◆ **PROBLEM DETAILS**
For the entries that follow, restate word for word the line containing "High Quality Japanese", the line containing "Author: Zinovieva Klara", and every line that lies between them.

◆ **DATA PROVIDED**
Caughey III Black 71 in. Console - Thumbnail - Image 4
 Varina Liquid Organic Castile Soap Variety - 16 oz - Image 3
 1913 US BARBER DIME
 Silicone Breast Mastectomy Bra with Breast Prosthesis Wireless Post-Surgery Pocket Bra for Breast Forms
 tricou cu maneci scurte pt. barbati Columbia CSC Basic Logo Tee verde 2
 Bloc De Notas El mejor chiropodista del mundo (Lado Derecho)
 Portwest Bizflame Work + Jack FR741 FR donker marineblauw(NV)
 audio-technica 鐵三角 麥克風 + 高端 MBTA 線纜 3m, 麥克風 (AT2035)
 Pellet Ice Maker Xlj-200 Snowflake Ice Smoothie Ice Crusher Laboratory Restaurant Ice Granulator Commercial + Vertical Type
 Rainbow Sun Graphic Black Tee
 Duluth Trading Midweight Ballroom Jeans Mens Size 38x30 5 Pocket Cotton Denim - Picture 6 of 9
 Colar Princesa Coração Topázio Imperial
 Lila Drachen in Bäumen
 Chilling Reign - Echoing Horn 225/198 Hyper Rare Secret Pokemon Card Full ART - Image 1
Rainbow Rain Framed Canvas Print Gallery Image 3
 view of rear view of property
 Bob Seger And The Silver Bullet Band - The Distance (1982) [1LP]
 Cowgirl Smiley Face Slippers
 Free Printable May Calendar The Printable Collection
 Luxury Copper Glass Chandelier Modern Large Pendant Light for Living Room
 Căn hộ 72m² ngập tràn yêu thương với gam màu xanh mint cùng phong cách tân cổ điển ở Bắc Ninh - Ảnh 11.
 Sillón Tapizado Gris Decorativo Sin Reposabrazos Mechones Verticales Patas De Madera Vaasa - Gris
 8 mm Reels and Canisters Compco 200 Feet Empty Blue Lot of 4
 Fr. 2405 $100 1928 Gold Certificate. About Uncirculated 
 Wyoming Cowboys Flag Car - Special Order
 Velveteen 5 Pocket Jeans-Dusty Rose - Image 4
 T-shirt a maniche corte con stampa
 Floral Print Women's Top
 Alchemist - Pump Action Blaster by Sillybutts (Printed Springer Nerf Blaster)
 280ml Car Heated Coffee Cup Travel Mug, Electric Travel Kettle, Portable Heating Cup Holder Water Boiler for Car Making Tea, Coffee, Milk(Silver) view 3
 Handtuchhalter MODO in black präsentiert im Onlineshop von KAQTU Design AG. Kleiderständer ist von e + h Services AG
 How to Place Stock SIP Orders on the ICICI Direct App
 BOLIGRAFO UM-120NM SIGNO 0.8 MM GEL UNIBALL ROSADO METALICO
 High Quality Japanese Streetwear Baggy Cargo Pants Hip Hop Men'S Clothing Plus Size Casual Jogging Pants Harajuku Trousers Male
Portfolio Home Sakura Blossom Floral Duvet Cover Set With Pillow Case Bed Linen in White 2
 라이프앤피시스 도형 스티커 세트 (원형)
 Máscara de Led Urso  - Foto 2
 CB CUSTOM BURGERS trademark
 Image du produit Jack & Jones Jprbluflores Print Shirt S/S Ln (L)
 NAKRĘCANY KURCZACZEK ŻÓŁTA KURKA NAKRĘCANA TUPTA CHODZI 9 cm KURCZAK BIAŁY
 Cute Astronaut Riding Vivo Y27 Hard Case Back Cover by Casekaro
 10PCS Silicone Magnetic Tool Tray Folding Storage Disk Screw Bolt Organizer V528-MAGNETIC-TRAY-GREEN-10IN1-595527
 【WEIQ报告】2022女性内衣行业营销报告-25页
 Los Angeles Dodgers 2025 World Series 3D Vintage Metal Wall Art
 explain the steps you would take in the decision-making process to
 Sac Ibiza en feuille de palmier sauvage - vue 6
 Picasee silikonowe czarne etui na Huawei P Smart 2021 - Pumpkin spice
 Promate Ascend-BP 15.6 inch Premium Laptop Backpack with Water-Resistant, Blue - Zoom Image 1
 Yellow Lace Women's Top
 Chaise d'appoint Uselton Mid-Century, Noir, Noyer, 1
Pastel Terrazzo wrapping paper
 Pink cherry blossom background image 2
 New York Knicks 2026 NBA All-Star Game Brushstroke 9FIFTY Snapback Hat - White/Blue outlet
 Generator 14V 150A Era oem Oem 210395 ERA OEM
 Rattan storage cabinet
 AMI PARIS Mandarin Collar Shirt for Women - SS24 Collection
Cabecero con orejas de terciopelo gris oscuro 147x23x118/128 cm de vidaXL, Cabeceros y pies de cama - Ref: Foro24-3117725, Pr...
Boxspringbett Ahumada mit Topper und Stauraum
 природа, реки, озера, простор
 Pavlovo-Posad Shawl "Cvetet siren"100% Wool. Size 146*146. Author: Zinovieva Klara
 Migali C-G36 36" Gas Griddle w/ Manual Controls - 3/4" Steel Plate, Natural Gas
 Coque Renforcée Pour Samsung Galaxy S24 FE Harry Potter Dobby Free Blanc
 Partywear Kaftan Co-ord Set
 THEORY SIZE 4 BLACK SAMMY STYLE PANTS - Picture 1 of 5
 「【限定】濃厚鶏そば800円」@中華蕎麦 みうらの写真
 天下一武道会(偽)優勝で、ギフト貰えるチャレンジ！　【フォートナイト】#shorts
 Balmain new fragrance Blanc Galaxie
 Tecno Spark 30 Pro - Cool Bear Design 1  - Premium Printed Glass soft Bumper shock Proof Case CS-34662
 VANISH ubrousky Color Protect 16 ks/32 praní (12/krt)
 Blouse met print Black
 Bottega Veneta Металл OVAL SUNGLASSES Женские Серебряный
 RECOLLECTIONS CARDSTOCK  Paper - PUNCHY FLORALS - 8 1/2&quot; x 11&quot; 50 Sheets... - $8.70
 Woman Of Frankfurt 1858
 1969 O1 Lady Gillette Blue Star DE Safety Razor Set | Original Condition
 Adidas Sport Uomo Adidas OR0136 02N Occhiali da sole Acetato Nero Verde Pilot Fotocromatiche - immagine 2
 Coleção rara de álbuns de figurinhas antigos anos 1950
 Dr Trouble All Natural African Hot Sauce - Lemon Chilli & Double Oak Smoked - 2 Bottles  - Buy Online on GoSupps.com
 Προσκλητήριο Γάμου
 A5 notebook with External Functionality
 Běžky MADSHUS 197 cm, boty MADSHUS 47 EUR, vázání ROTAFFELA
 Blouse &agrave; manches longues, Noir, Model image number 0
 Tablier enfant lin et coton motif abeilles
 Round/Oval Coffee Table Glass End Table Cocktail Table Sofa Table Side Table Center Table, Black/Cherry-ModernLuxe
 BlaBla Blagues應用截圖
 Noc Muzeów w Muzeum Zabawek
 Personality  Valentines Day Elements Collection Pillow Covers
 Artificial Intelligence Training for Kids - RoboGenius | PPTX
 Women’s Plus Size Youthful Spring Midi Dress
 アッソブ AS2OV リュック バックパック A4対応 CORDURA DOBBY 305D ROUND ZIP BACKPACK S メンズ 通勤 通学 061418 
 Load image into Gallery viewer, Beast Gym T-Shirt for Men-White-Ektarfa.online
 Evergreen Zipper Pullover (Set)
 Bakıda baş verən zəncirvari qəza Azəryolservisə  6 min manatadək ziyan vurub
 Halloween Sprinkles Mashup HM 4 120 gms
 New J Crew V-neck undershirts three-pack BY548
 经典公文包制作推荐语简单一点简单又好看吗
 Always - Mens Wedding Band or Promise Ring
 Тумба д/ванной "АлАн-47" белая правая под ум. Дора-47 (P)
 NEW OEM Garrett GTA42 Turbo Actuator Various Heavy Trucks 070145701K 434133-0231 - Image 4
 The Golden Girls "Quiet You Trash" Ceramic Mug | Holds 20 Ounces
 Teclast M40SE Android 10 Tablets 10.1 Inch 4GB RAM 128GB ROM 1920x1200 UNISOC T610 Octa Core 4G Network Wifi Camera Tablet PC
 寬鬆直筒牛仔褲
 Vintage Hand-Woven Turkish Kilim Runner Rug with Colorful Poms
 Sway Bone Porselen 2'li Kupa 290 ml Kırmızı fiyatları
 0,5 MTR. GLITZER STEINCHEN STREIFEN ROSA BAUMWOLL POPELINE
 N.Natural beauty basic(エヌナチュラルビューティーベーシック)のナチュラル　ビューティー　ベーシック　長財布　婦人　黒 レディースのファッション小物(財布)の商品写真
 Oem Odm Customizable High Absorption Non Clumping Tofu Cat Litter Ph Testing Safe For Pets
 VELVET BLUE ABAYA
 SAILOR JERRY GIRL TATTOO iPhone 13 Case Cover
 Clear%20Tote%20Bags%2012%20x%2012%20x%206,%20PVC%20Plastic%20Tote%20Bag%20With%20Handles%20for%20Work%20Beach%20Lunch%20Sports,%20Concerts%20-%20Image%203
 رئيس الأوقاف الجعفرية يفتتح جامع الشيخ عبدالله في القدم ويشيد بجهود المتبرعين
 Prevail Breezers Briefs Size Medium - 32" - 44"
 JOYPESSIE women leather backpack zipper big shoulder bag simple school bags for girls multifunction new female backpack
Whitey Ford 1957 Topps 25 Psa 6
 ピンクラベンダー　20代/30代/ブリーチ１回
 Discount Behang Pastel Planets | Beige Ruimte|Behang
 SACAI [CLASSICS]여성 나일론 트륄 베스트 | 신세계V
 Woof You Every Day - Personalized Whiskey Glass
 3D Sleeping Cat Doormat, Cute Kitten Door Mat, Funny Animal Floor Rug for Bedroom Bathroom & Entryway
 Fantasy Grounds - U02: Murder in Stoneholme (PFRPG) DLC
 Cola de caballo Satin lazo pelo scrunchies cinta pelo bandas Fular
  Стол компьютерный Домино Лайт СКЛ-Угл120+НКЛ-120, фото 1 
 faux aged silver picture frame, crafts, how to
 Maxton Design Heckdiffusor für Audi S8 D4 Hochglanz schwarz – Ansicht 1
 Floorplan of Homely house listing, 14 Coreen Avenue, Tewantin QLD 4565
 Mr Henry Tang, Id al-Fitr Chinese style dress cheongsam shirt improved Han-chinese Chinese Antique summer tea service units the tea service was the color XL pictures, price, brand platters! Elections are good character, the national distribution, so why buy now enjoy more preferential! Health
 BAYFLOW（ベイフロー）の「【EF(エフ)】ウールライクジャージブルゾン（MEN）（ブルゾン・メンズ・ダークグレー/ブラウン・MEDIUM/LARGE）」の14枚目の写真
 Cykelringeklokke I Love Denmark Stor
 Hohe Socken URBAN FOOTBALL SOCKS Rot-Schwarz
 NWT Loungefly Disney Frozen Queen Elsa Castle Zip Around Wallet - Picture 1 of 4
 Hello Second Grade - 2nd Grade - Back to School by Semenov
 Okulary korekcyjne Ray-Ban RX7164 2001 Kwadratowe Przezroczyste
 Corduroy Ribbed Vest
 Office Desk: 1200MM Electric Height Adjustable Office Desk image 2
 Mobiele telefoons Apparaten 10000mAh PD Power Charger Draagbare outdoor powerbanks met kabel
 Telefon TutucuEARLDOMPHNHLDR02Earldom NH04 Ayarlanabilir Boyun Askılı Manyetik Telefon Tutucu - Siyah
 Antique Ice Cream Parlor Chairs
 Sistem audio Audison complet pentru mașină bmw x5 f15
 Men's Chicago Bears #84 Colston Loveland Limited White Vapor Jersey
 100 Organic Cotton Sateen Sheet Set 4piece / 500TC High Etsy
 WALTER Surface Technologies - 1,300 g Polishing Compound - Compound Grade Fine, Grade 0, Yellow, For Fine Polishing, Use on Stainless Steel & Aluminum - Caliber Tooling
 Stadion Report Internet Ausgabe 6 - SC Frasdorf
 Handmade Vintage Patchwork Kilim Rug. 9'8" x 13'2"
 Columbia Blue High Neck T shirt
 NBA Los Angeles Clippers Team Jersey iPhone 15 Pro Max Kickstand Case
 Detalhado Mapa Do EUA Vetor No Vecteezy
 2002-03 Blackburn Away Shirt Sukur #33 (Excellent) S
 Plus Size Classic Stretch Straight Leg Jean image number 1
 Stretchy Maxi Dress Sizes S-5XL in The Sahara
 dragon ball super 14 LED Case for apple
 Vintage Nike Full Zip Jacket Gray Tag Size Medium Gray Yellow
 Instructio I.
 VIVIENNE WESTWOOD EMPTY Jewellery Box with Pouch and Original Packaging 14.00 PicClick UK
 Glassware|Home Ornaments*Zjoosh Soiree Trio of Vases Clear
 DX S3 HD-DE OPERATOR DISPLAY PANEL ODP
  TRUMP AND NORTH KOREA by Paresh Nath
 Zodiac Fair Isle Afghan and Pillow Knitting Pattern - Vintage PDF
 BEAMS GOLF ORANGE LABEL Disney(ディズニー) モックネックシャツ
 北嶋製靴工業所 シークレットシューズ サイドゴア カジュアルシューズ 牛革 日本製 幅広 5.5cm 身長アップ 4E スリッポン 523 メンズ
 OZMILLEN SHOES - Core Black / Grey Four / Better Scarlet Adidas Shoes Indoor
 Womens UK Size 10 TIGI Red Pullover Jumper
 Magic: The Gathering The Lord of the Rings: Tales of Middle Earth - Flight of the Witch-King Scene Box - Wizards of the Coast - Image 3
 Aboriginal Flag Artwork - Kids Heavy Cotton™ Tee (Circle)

◆ **RESULT BELOW**
 High Quality Japanese Streetwear Baggy Cargo Pants Hip Hop Men'S Clothing Plus Size Casual Jogging Pants Harajuku Trousers Male
Portfolio Home Sakura Blossom Floral Duvet Cover Set With Pillow Case Bed Linen in White 2
 라이프앤피시스 도형 스티커 세트 (원형)
 Máscara de Led Urso  - Foto 2
 CB CUSTOM BURGERS trademark
 Image du produit Jack & Jones Jprbluflores Print Shirt S/S Ln (L)
 NAKRĘCANY KURCZACZEK ŻÓŁTA KURKA NAKRĘCANA TUPTA CHODZI 9 cm KURCZAK BIAŁY
 Cute Astronaut Riding Vivo Y27 Hard Case Back Cover by Casekaro
 10PCS Silicone Magnetic Tool Tray Folding Storage Disk Screw Bolt Organizer V528-MAGNETIC-TRAY-GREEN-10IN1-595527
 【WEIQ报告】2022女性内衣行业营销报告-25页
 Los Angeles Dodgers 2025 World Series 3D Vintage Metal Wall Art
 explain the steps you would take in the decision-making process to
 Sac Ibiza en feuille de palmier sauvage - vue 6
 Picasee silikonowe czarne etui na Huawei P Smart 2021 - Pumpkin spice
 Promate Ascend-BP 15.6 inch Premium Laptop Backpack with Water-Resistant, Blue - Zoom Image 1
 Yellow Lace Women's Top
 Chaise d'appoint Uselton Mid-Century, Noir, Noyer, 1
Pastel Terrazzo wrapping paper
 Pink cherry blossom background image 2
 New York Knicks 2026 NBA All-Star Game Brushstroke 9FIFTY Snapback Hat - White/Blue outlet
 Generator 14V 150A Era oem Oem 210395 ERA OEM
 Rattan storage cabinet
 AMI PARIS Mandarin Collar Shirt for Women - SS24 Collection
Cabecero con orejas de terciopelo gris oscuro 147x23x118/128 cm de vidaXL, Cabeceros y pies de cama - Ref: Foro24-3117725, Pr...
Boxspringbett Ahumada mit Topper und Stauraum
 природа, реки, озера, простор
 Pavlovo-Posad Shawl "Cvetet siren"100% Wool. Size 146*146. Author: Zinovieva Klara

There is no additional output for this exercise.